### [Collected data entries]
────

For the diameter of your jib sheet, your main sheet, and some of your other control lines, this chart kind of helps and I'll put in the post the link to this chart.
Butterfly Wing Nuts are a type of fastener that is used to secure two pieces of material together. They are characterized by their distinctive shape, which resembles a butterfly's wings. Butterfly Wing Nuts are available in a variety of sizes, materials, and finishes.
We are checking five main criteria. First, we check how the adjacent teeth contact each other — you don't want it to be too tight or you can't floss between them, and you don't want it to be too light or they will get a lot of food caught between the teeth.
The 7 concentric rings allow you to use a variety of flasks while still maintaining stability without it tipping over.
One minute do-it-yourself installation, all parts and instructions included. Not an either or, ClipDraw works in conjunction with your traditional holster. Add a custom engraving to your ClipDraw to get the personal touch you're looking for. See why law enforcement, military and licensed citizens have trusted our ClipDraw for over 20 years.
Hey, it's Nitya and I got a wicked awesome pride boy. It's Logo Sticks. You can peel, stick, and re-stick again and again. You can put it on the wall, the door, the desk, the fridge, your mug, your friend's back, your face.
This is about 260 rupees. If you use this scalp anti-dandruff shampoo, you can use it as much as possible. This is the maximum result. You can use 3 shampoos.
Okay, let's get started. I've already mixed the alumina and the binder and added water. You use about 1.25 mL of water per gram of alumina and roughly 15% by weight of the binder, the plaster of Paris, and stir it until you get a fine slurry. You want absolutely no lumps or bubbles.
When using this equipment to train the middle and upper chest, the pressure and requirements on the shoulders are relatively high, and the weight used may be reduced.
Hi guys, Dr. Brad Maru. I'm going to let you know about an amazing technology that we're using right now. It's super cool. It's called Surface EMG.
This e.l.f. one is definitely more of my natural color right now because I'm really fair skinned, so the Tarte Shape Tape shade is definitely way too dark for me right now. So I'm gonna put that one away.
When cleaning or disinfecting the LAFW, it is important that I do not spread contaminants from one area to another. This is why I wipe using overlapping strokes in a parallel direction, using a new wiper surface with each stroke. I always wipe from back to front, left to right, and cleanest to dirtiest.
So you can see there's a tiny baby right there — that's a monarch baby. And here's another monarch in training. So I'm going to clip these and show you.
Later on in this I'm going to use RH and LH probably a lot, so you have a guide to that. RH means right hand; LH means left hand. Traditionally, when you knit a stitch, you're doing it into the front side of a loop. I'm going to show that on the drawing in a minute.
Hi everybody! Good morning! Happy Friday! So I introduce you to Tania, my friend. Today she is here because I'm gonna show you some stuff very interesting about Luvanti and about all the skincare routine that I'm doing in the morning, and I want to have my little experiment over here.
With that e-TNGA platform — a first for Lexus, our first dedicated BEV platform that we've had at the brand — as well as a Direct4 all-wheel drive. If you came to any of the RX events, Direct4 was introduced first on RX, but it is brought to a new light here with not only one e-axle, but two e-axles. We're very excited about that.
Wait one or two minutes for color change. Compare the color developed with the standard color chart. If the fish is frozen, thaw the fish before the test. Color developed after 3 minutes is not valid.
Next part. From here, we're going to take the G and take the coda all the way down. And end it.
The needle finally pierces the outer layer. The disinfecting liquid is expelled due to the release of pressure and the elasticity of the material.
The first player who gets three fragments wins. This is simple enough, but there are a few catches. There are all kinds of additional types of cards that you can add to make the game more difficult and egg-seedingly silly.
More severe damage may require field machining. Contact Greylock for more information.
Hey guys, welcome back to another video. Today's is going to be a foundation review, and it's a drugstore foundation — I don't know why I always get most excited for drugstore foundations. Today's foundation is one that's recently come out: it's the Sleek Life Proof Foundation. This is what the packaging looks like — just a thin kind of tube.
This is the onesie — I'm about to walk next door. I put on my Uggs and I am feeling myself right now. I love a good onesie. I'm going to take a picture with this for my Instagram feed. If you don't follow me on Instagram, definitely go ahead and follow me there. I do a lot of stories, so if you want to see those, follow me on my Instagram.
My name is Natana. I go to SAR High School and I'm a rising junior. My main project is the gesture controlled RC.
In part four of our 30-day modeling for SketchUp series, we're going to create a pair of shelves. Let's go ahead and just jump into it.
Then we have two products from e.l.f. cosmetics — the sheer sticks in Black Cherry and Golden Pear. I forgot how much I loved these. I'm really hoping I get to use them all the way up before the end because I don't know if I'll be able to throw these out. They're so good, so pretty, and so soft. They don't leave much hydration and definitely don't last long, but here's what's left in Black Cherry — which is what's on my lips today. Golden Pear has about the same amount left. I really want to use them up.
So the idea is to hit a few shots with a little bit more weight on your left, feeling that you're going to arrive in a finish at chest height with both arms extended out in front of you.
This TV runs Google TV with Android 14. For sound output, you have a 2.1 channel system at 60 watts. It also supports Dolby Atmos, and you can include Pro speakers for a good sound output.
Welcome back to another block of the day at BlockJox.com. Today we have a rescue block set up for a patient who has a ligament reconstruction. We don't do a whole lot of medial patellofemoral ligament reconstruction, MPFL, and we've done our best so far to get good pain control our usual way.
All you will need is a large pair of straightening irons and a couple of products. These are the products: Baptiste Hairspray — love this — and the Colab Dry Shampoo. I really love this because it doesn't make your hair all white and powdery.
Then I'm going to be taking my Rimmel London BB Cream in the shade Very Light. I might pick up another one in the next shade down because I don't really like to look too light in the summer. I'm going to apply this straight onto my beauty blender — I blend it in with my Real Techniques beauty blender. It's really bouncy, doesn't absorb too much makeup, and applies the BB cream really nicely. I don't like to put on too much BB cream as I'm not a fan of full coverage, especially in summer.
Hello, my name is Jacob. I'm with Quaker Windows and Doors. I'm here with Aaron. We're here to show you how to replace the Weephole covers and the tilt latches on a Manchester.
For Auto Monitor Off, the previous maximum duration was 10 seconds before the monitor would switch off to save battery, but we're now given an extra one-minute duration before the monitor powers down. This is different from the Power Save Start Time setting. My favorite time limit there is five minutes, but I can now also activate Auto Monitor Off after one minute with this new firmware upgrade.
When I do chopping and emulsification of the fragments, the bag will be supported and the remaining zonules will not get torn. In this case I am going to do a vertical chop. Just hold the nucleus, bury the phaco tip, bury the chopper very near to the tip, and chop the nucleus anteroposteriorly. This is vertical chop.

────

### [What this task involves]
Write the records out again, character for character.

### [Completed task]
For the diameter of your jib sheet, your main sheet, and some of your other control lines, this chart kind of helps and I'll put in the post the link to this chart.
Butterfly Wing Nuts are a type of fastener that is used to secure two pieces of material together. They are characterized by their distinctive shape, which resembles a butterfly's wings. Butterfly Wing Nuts are available in a variety of sizes, materials, and finishes.
We are checking five main criteria. First, we check how the adjacent teeth contact each other — you don't want it to be too tight or you can't floss between them, and you don't want it to be too light or they will get a lot of food caught between the teeth.
The 7 concentric rings allow you to use a variety of flasks while still maintaining stability without it tipping over.
One minute do-it-yourself installation, all parts and instructions included. Not an either or, ClipDraw works in conjunction with your traditional holster. Add a custom engraving to your ClipDraw to get the personal touch you're looking for. See why law enforcement, military and licensed citizens have trusted our ClipDraw for over 20 years.
Hey, it's Nitya and I got a wicked awesome pride boy. It's Logo Sticks. You can peel, stick, and re-stick again and again. You can put it on the wall, the door, the desk, the fridge, your mug, your friend's back, your face.
This is about 260 rupees. If you use this scalp anti-dandruff shampoo, you can use it as much as possible. This is the maximum result. You can use 3 shampoos.
Okay, let's get started. I've already mixed the alumina and the binder and added water. You use about 1.25 mL of water per gram of alumina and roughly 15% by weight of the binder, the plaster of Paris, and stir it until you get a fine slurry. You want absolutely no lumps or bubbles.
When using this equipment to train the middle and upper chest, the pressure and requirements on the shoulders are relatively high, and the weight used may be reduced.
Hi guys, Dr. Brad Maru. I'm going to let you know about an amazing technology that we're using right now. It's super cool. It's called Surface EMG.
This e.l.f. one is definitely more of my natural color right now because I'm really fair skinned, so the Tarte Shape Tape shade is definitely way too dark for me right now. So I'm gonna put that one away.
When cleaning or disinfecting the LAFW, it is important that I do not spread contaminants from one area to another. This is why I wipe using overlapping strokes in a parallel direction, using a new wiper surface with each stroke. I always wipe from back to front, left to right, and cleanest to dirtiest.
So you can see there's a tiny baby right there — that's a monarch baby. And here's another monarch in training. So I'm going to clip these and show you.
Later on in this I'm going to use RH and LH probably a lot, so you have a guide to that. RH means right hand; LH means left hand. Traditionally, when you knit a stitch, you're doing it into the front side of a loop. I'm going to show that on the drawing in a minute.
Hi everybody! Good morning! Happy Friday! So I introduce you to Tania, my friend. Today she is here because I'm gonna show you some stuff very interesting about Luvanti and about all the skincare routine that I'm doing in the morning, and I want to have my little experiment over here.
With that e-TNGA platform — a first for Lexus, our first dedicated BEV platform that we've had at the brand — as well as a Direct4 all-wheel drive. If you came to any of the RX events, Direct4 was introduced first on RX, but it is brought to a new light here with not only one e-axle, but two e-axles. We're very excited about that.
Wait one or two minutes for color change. Compare the color developed with the standard color chart. If the fish is frozen, thaw the fish before the test. Color developed after 3 minutes is not valid.
Next part. From here, we're going to take the G and take the coda all the way down. And end it.
The needle finally pierces the outer layer. The disinfecting liquid is expelled due to the release of pressure and the elasticity of the material.
The first player who gets three fragments wins. This is simple enough, but there are a few catches. There are all kinds of additional types of cards that you can add to make the game more difficult and egg-seedingly silly.
More severe damage may require field machining. Contact Greylock for more information.
Hey guys, welcome back to another video. Today's is going to be a foundation review, and it's a drugstore foundation — I don't know why I always get most excited for drugstore foundations. Today's foundation is one that's recently come out: it's the Sleek Life Proof Foundation. This is what the packaging looks like — just a thin kind of tube.
This is the onesie — I'm about to walk next door. I put on my Uggs and I am feeling myself right now. I love a good onesie. I'm going to take a picture with this for my Instagram feed. If you don't follow me on Instagram, definitely go ahead and follow me there. I do a lot of stories, so if you want to see those, follow me on my Instagram.
My name is Natana. I go to SAR High School and I'm a rising junior. My main project is the gesture controlled RC.
In part four of our 30-day modeling for SketchUp series, we're going to create a pair of shelves. Let's go ahead and just jump into it.
Then we have two products from e.l.f. cosmetics — the sheer sticks in Black Cherry and Golden Pear. I forgot how much I loved these. I'm really hoping I get to use them all the way up before the end because I don't know if I'll be able to throw these out. They're so good, so pretty, and so soft. They don't leave much hydration and definitely don't last long, but here's what's left in Black Cherry — which is what's on my lips today. Golden Pear has about the same amount left. I really want to use them up.
So the idea is to hit a few shots with a little bit more weight on your left, feeling that you're going to arrive in a finish at chest height with both arms extended out in front of you.
This TV runs Google TV with Android 14. For sound output, you have a 2.1 channel system at 60 watts. It also supports Dolby Atmos, and you can include Pro speakers for a good sound output.
Welcome back to another block of the day at BlockJox.com. Today we have a rescue block set up for a patient who has a ligament reconstruction. We don't do a whole lot of medial patellofemoral ligament reconstruction, MPFL, and we've done our best so far to get good pain control our usual way.
All you will need is a large pair of straightening irons and a couple of products. These are the products: Baptiste Hairspray — love this — and the Colab Dry Shampoo. I really love this because it doesn't make your hair all white and powdery.
Then I'm going to be taking my Rimmel London BB Cream in the shade Very Light. I might pick up another one in the next shade down because I don't really like to look too light in the summer. I'm going to apply this straight onto my beauty blender — I blend it in with my Real Techniques beauty blender. It's really bouncy, doesn't absorb too much makeup, and applies the BB cream really nicely. I don't like to put on too much BB cream as I'm not a fan of full coverage, especially in summer.
Hello, my name is Jacob. I'm with Quaker Windows and Doors. I'm here with Aaron. We're here to show you how to replace the Weephole covers and the tilt latches on a Manchester.
For Auto Monitor Off, the previous maximum duration was 10 seconds before the monitor would switch off to save battery, but we're now given an extra one-minute duration before the monitor powers down. This is different from the Power Save Start Time setting. My favorite time limit there is five minutes, but I can now also activate Auto Monitor Off after one minute with this new firmware upgrade.
When I do chopping and emulsification of the fragments, the bag will be supported and the remaining zonules will not get torn. In this case I am going to do a vertical chop. Just hold the nucleus, bury the phaco tip, bury the chopper very near to the tip, and chop the nucleus anteroposteriorly. This is vertical chop.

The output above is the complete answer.